A political row has erupted over the BBCs decision to appoint a former Labour minister, James Purnell, as its new £295k-a-year director of strategy and digital.
The former culture secretary is a former head of corporate planning at the broadcaster and landed the plum position after being offered the role directly by incoming director-general Tony Hall, without advertising the vacancy to others in a bid to save money.
Commenting on his appointment Purnell said: “I’m excited to be coming back to the BBC to work on its future with such a great team. Over the last couple of years, producing and developing programmes has rekindled my passion for the career I had before politics. I feel very lucky to have the chance to return to the BBC."
The news wasn’t received well in Conservative circles however with Rob Wilson, Conservative MP for Reading East, saying: “Many have long had suspicions about a metropolitan, Leftist bias to the BBC’s output, particularly in news," Mr Wilson said. “With the BBC under greater scrutiny in recent months, I find it hard to think why the BBC think a former Labour Cabinet minister is an appropriate choice for a leadership role.
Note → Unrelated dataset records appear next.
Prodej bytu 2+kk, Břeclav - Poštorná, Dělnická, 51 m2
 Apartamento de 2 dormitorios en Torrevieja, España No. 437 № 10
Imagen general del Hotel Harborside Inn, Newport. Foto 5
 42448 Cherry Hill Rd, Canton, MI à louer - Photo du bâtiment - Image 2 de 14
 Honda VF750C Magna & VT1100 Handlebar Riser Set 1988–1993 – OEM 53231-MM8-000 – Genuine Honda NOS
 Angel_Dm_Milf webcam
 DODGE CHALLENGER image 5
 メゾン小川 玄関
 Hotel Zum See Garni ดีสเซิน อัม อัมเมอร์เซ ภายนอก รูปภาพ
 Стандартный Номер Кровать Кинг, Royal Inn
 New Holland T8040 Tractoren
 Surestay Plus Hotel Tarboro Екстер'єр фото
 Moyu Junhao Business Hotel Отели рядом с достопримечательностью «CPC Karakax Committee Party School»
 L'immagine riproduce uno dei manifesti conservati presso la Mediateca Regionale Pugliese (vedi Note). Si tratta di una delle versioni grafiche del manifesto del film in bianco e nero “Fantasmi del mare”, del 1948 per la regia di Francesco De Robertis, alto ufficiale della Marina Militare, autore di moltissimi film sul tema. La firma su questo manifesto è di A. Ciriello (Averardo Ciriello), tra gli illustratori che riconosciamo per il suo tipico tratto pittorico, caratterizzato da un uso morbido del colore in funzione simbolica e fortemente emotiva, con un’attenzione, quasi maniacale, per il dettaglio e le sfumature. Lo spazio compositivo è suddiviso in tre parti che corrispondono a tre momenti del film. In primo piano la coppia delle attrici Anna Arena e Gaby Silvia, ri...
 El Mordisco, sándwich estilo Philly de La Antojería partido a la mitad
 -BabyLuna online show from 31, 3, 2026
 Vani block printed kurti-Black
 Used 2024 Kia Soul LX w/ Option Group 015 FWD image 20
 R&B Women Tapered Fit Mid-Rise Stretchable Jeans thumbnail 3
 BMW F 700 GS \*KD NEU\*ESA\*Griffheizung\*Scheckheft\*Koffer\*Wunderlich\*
“At a time when household budgets are under pressures, licence fee-payers will also find it strange that Mr Purnell is to be paid nearly £300,000 a year in his new role as ‘director of strategy’.
“The BBC has only recently faced public, heavy criticism for wasting people’s money on lavishly paid non-jobs at the top. This suggests it has learned nothing.
“Tony Hall’s tenure as director-general has not got off to an auspicious start."